Unfortunately, on linux, applying up to 0002 cause a small regression in
pg_test_timing.

With cpuidle disabled, performance governor, pinned to one core.

pg_test_timing, turboboost disabled:

412f78c66ee 27.70 ns
0002 28.48 ns

pg_test_timing, turboboost enabled:

412f78c66ee 20.41 ns
0002 21.04 ns

However, I tried, but failed, to push an actual EXPLAIN ANALYZE to show that
difference. All the differences I see are well below the run-to-run noise.

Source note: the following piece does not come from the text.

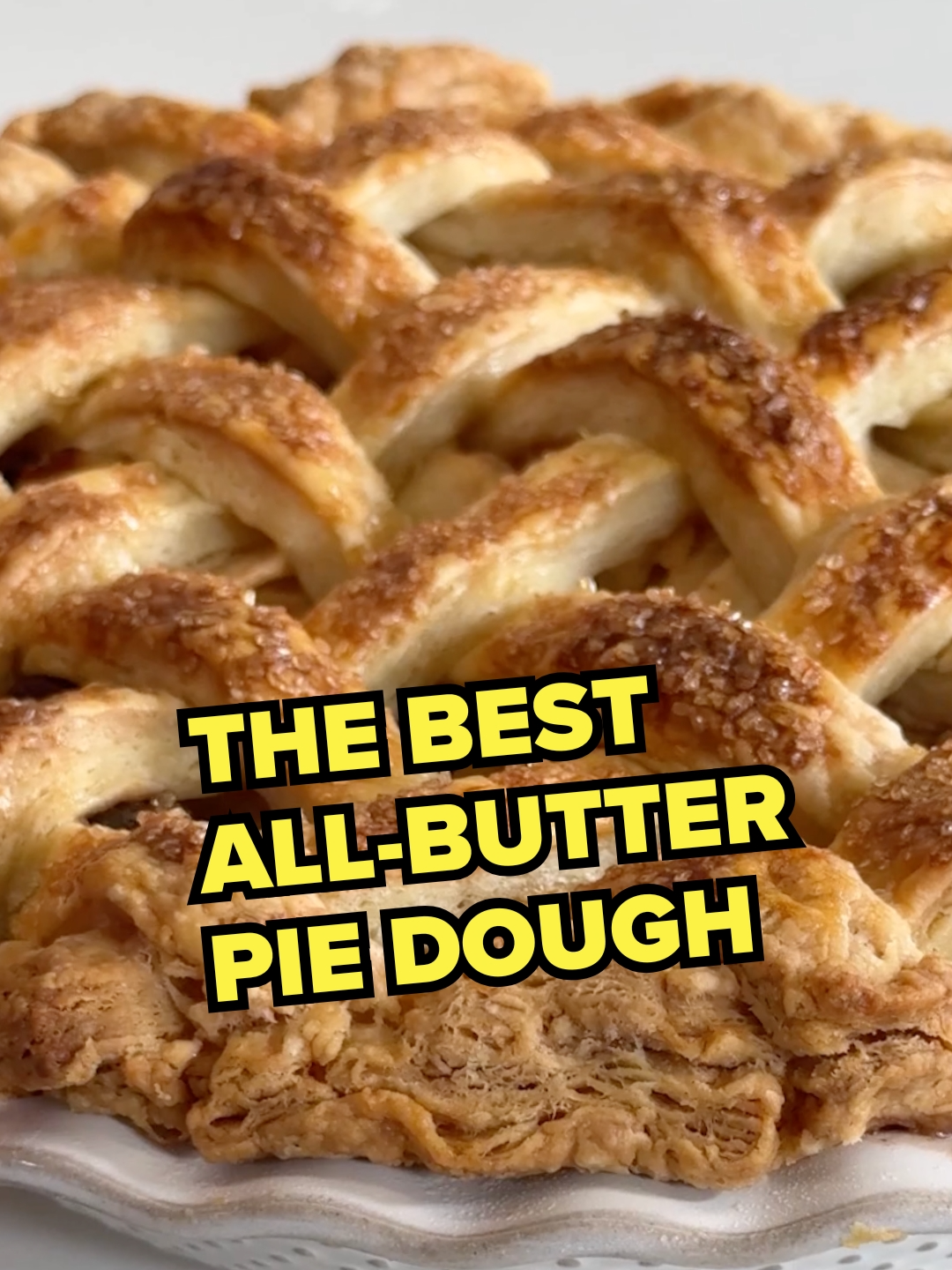 The Best All-Butter Pie Dough is SUPREME (and extra flaky thanks to a clever trick borrowed from croissant-making) 🥧🧈😮 RECIPE 👇 3 1/2 cups all-purpose flour 2 tablespoons sugar 1 1/2 teaspoons kosher salt 3 sticks (1 1/2 cups) cold unsalted butter, cut into pieces and frozen 1/2 cup chilled vodka 2 tablespoons apple cider vinegar 5 tablespoons ice water, plus more if needed Pulse the flour, sugar and salt in a food processor to combine. Add the butter and process until the largest pieces of butter are pea-size. Transfer to a large bowl. Combine the vodka, vinegar and 4 tablespoons of the ice water in a small bowl. Drizzle the wet ingredients over the dough, then mix with a fork until shaggy pieces form. Knead the dough in the bowl with your hands a couple of times until it comes together (it will look quite dry, which is fine). Transfer the large clumps of dough to a work surface. Drizzle 1 tablespoon ice water over any remaining smaller bits of dough in the bowl and knead again to bring it together. If the remaining dough is still too dry to come together, add more ice water in 1-tablespoon increments. Add to the dough on the work surface and press together into a single mass, incorporating any dry bits. Pat the dough into a 1-inch-thick block. Divide the block into 4 pieces with a bench scraper or knife. Stack the pieces on top of one another, tucking any unincorporated dry bits in between the layers. Flatten the dough into a 3/4-inch-thick block. Repeat this process (cutting, stacking and flattening) 3 more times; this creates layers of butter in the dough that produce a wonderfully flaky crust. Divide the dough in half and form into 1-inch-thick discs; wrap each disc tightly in plastic wrap. Refrigerate at least 3 hours and preferably overnight. The dough can be made up to 3 days ahead and refrigerated, or frozen for up to 3 months.
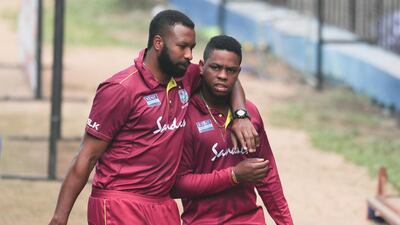 West Indies captain Kieron Pollard, left, and Shimron Hetmyer in Cuttack on Saturday. AP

Which makes sense - the increase in overhead here probably is visible because
it increases the dependency chain inside the loop, which wouldn't be visible
in a normal explain (and of course, with more patches applied, a lot more is
won).

> From 25b58d2890e65a95ce426a0b80fab41c1c99bd8f Mon Sep 17 00:00:00 2001
> From: Lukas Fittl <lukas(at)fittl(dot)com>
> Date: Sat, 31 Jan 2026 08:49:46 -0800
> Subject: [PATCH v8 1/4] Check for HAVE__CPUIDEX and HAVE__GET_CPUID_COUNT
> separately
>
> Previously we would only check for the availability of __cpuidex if
> the related __get_cpuid_count was not available on a platform. But there
> are cases where we want to be able to call __cpuidex as the only viable
> option, specifically, when accessing a high leaf like VM Hypervisor
> information (0x40000000), which __get_cpuid_count does not allow.
>
> This will be used in an future commit to access Hypervisor information
> about the TSC frequency of x86 CPUs, where available.
>
> Note that __cpuidex is defined in cpuid.h for GCC/clang, but in intrin.h
> for MSVC. Because we now set HAVE__CPUIDEX for GCC/clang when available,
> adjust existing code to check for _MSC_VER when including intrin.h.
>
> Author: Lukas Fittl <lukas(at)fittl(dot)com>
> Reviewed-by:
> Discussion: https://www.postgresql.org/message-id/flat/20200612232810.f46nbqkdhbutzqdg%40alap3.anarazel.de

> # Check for XSAVE intrinsics
> diff --git a/meson.build b/meson.build
> index ebfb85e93e5..312c919eaa4 100644
> --- a/meson.build
> +++ b/meson.build
> @@ -2080,7 +2080,8 @@ elif cc.links('''
> endif
>
>
> -# Check for __get_cpuid_count() and __cpuidex() in a similar fashion.
> +# Check for __get_cpuid_count() and __cpuidex() separately, since we sometimes
> +# need __cpuidex() even if __get_cpuid_count() is available.
> if cc.links('''
> #include <cpuid.h>
> int main(int arg, char **argv)
> @@ -2091,8 +2092,13 @@ if cc.links('''
> ''', name: '__get_cpuid_count',
> args: test_c_args)
> cdata.set('HAVE__GET_CPUID_COUNT', 1)
> -elif cc.links('''
> +endif
> +if cc.links('''
> + #ifdef _MSC_VER
> #include <intrin.h>
> + #else
> + #include <cpuid.h>
> + #endif
> int main(int arg, char **argv)
> {
> unsigned int exx[4] = {0, 0, 0, 0};

FWIW, this seems to trigger a warning locally:

/srv/dev/build/postgres/m-dev-assert/meson-private/tmpw34r2pnc/testfile.c: In function 'main':
/srv/dev/build/postgres/m-dev-assert/meson-private/tmpw34r2pnc/testfile.c:10:19: warning: pointer targets in passing argument 1 of '__cpuidex' differ in signe>
10 | __cpuidex(exx, 7, 0);
| ^~~
| |
| unsigned int *
In file included from /srv/dev/build/postgres/m-dev-assert/meson-private/tmpw34r2pnc/testfile.c:5:
/home/andres/build/gcc/master/install/lib/gcc/x86_64-pc-linux-gnu/16/include/cpuid.h:361:16: note: expected 'int *' but argument is of type 'unsigned int *'
361 | __cpuidex (int __cpuid_info[4], int __leaf, int __subleaf)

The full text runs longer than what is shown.